ReVuln Demos SCADA Zero Day Vulnerabilities


Security firm ReVuln recently released a video demonstrating zero day vulnerabilities in SCADA systems from General Electric, Schneider Electric, Eaton, Siemens and other companies.

"According to ReVuln, the vulnerabilities allow remote code execution, remote shells access and session hijacking on the PCs that form the foundation of the SCADA installations," The H Security reports. "If the claim is correct, attackers would have the ability to completely take over these systems since many of the control computers are inadvertently accessible over the internet due to their configurations."

"However, ReVuln hasn’t provided the details of the security holes to the organizations whose products are affected, because it only offers its services to companies and governments that request their aid," writes Softpedia's Eduard Kovacs. "This business model has become somewhat controversial, especially after French security firm VUPEN, which also deploys it, has been painted as a 'mercenary' organization that sells its findings only for serious amounts of money."

"However, the practice is not new," notes Techworld's Lucian Constantin. "It's been known for years in the security research community that some companies and independent researchers are selling information about unpatched vulnerabilities to governments and other private buyers, but such transactions used to be done discreetly."

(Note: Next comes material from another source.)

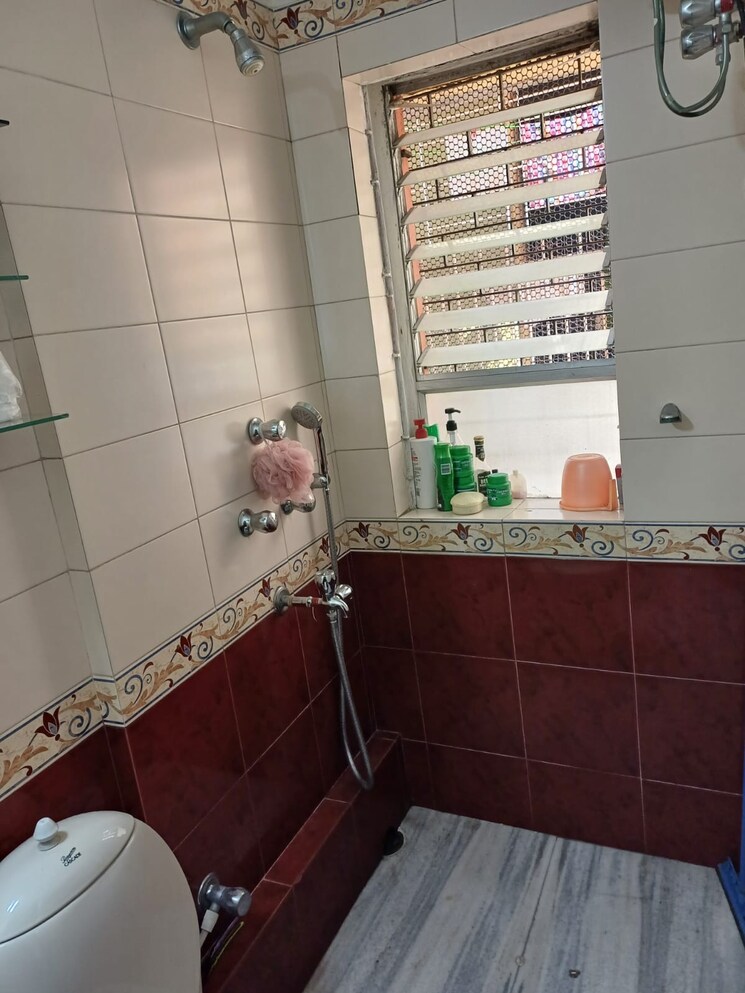 Bathroom, amrapali-ananda-dham 2 Bedroom 1100 Sq.Ft. Apartment In Kalighat Kolkata 9299782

"ReVuln [was] founded by independent security researcher Luigi Auriemma and former RIM security researcher Donato Ferrante," writes Help Net Security's Zeljka Zorz. "Auriemma is well known in the security community for his work in discovering vulnerabilities [in] any and every kind of software, but in the last few years he has been mostly focusing on ferreting out SCADA vulnerabilities and creating exploits for them."

"Last week Russian developer Positive Technologies said 40 percent of SCADA systems 'available from the internet' were hackable. ... The volume of SCADA vulnerabilities being uncovered makes [ReVuln's] claims, which would have been considered fanciful two years ago, more than credible -- even though they remain unproven," writes The Register's John Leyden.